◆ **What to do**: Leave the pictures out, and transcribe the material below exactly from the line with "Siemens Hilfsschütz 3TH4253-0AP0" to the line with "Bodega en venta", both lines included.

◆ **Input records**:
______

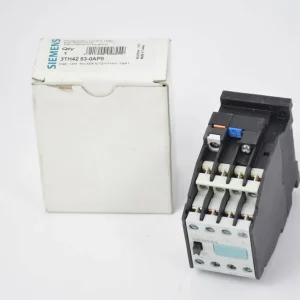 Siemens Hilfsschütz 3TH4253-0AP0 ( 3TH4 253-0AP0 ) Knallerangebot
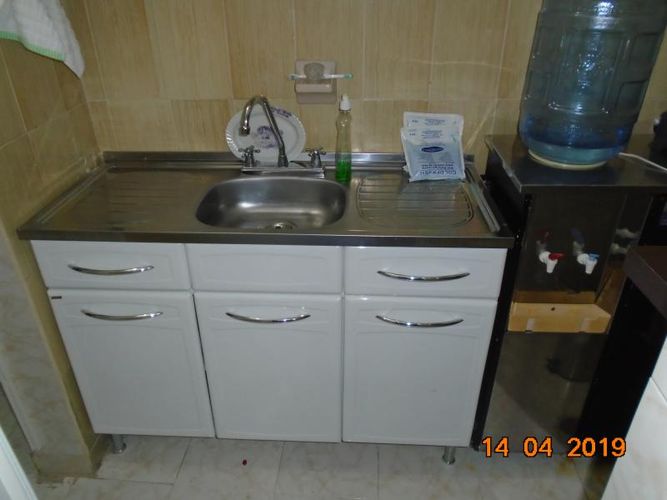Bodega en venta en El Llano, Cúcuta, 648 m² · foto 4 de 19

______

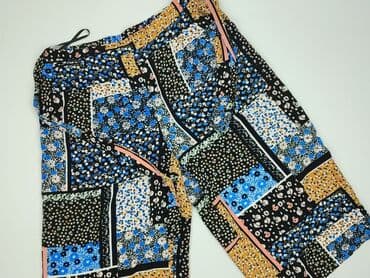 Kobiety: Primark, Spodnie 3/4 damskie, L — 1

______

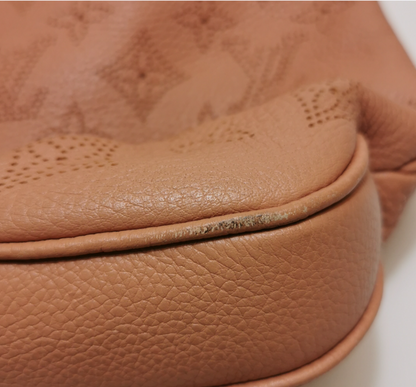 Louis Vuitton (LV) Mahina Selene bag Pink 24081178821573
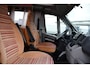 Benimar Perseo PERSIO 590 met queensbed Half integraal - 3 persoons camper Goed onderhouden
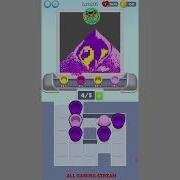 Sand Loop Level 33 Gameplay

______

◆ **Task solution**:
 Siemens Hilfsschütz 3TH4253-0AP0 ( 3TH4 253-0AP0 ) Knallerangebot
Bodega en venta en El Llano, Cúcuta, 648 m² · foto 4 de 19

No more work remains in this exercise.